Output the entries word for word. Omit images.

-------

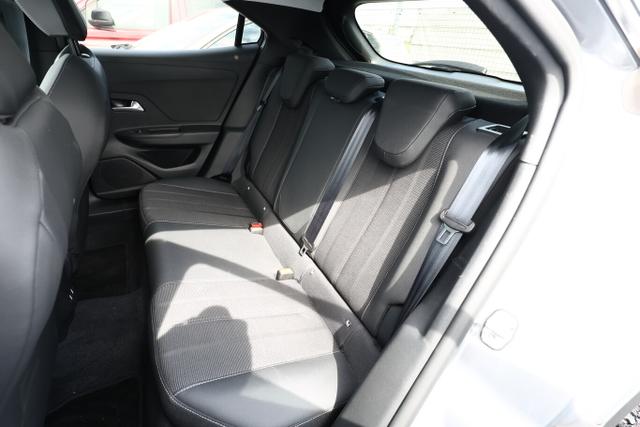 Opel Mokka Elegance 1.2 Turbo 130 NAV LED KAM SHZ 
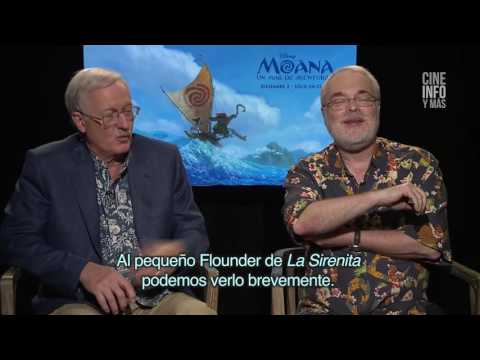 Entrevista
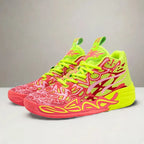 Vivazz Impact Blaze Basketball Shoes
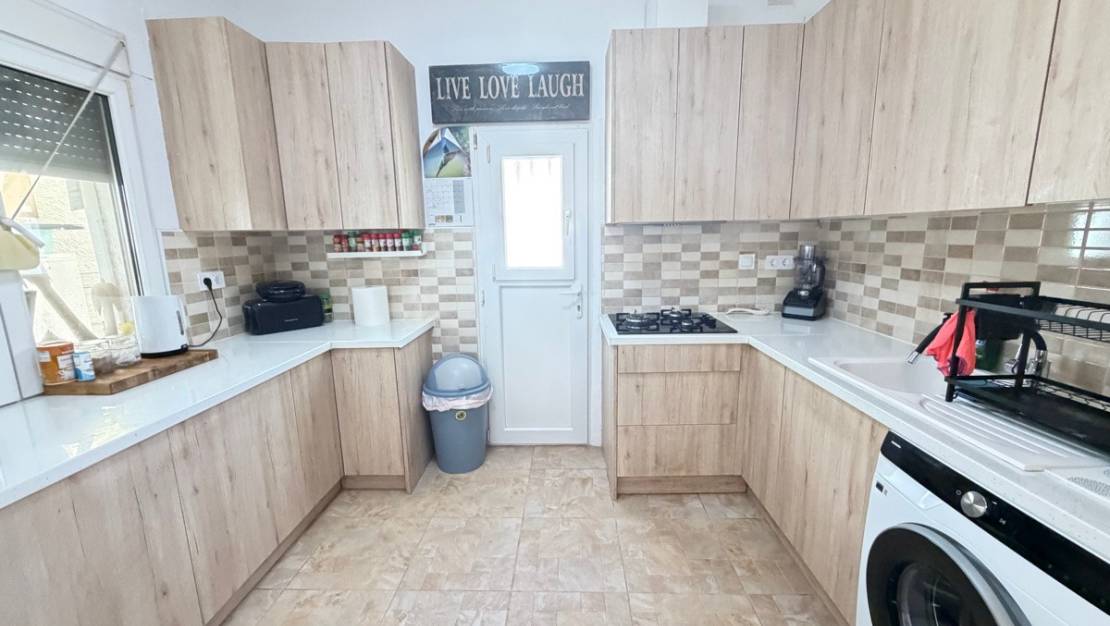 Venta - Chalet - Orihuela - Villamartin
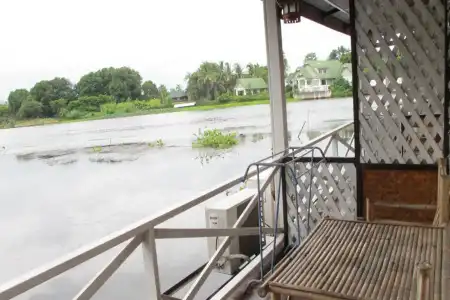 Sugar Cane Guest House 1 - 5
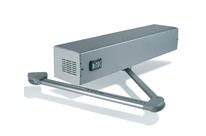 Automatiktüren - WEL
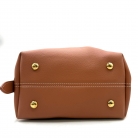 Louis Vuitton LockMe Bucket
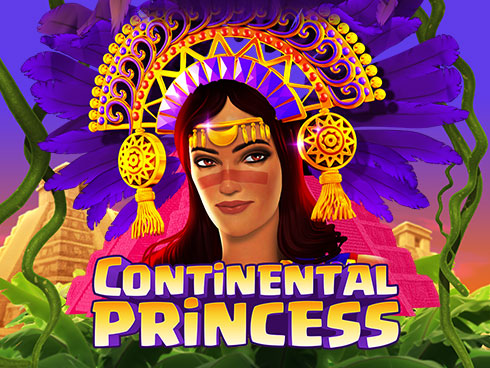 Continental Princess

-------

◆ SOLUTION ◆
 Opel Mokka Elegance 1.2 Turbo 130 NAV LED KAM SHZ 
 Entrevista
 Vivazz Impact Blaze Basketball Shoes
 Venta - Chalet - Orihuela - Villamartin
 Sugar Cane Guest House 1 - 5
 Automatiktüren - WEL
 Louis Vuitton LockMe Bucket
 Continental Princess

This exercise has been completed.